Repeat the lines below exactly as written, please, from the line with "COUCHTISCH mit rechteckiger" to the line with "Lista de ingredientes", both lines included, and no others.

Short text fragments from websites:
^^^^

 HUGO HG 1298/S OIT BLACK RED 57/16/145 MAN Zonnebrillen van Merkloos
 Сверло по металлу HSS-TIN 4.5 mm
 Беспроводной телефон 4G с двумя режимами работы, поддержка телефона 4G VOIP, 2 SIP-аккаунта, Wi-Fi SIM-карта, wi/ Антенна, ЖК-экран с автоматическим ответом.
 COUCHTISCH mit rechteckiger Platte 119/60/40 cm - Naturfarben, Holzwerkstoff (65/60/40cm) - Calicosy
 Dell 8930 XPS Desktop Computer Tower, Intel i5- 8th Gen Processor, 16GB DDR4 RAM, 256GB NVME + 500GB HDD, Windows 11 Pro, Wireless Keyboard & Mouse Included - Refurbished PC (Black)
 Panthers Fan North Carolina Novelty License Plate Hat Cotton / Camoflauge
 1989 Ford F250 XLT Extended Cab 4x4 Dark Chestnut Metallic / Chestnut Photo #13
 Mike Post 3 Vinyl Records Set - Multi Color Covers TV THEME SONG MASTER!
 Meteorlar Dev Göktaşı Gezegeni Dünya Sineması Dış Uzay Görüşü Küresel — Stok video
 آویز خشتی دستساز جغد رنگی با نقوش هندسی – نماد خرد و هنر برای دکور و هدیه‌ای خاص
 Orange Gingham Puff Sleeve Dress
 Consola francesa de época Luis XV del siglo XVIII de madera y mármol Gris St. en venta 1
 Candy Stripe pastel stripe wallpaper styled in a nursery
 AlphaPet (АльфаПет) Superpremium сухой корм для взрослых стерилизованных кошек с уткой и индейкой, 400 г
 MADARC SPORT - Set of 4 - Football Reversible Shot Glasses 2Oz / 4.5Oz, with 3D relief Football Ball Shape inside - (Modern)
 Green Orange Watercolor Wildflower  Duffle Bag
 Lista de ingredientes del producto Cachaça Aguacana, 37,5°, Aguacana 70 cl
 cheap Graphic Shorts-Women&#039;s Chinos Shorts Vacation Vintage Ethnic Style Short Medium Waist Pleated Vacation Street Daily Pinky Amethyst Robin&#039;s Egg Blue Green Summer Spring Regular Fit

^^^^

Output
 COUCHTISCH mit rechteckiger Platte 119/60/40 cm - Naturfarben, Holzwerkstoff (65/60/40cm) - Calicosy
 Dell 8930 XPS Desktop Computer Tower, Intel i5- 8th Gen Processor, 16GB DDR4 RAM, 256GB NVME + 500GB HDD, Windows 11 Pro, Wireless Keyboard & Mouse Included - Refurbished PC (Black)
 Panthers Fan North Carolina Novelty License Plate Hat Cotton / Camoflauge
 1989 Ford F250 XLT Extended Cab 4x4 Dark Chestnut Metallic / Chestnut Photo #13
 Mike Post 3 Vinyl Records Set - Multi Color Covers TV THEME SONG MASTER!
 Meteorlar Dev Göktaşı Gezegeni Dünya Sineması Dış Uzay Görüşü Küresel — Stok video
 آویز خشتی دستساز جغد رنگی با نقوش هندسی – نماد خرد و هنر برای دکور و هدیه‌ای خاص
 Orange Gingham Puff Sleeve Dress
 Consola francesa de época Luis XV del siglo XVIII de madera y mármol Gris St. en venta 1
 Candy Stripe pastel stripe wallpaper styled in a nursery
 AlphaPet (АльфаПет) Superpremium сухой корм для взрослых стерилизованных кошек с уткой и индейкой, 400 г
 MADARC SPORT - Set of 4 - Football Reversible Shot Glasses 2Oz / 4.5Oz, with 3D relief Football Ball Shape inside - (Modern)
 Green Orange Watercolor Wildflower  Duffle Bag
 Lista de ingredientes del producto Cachaça Aguacana, 37,5°, Aguacana 70 cl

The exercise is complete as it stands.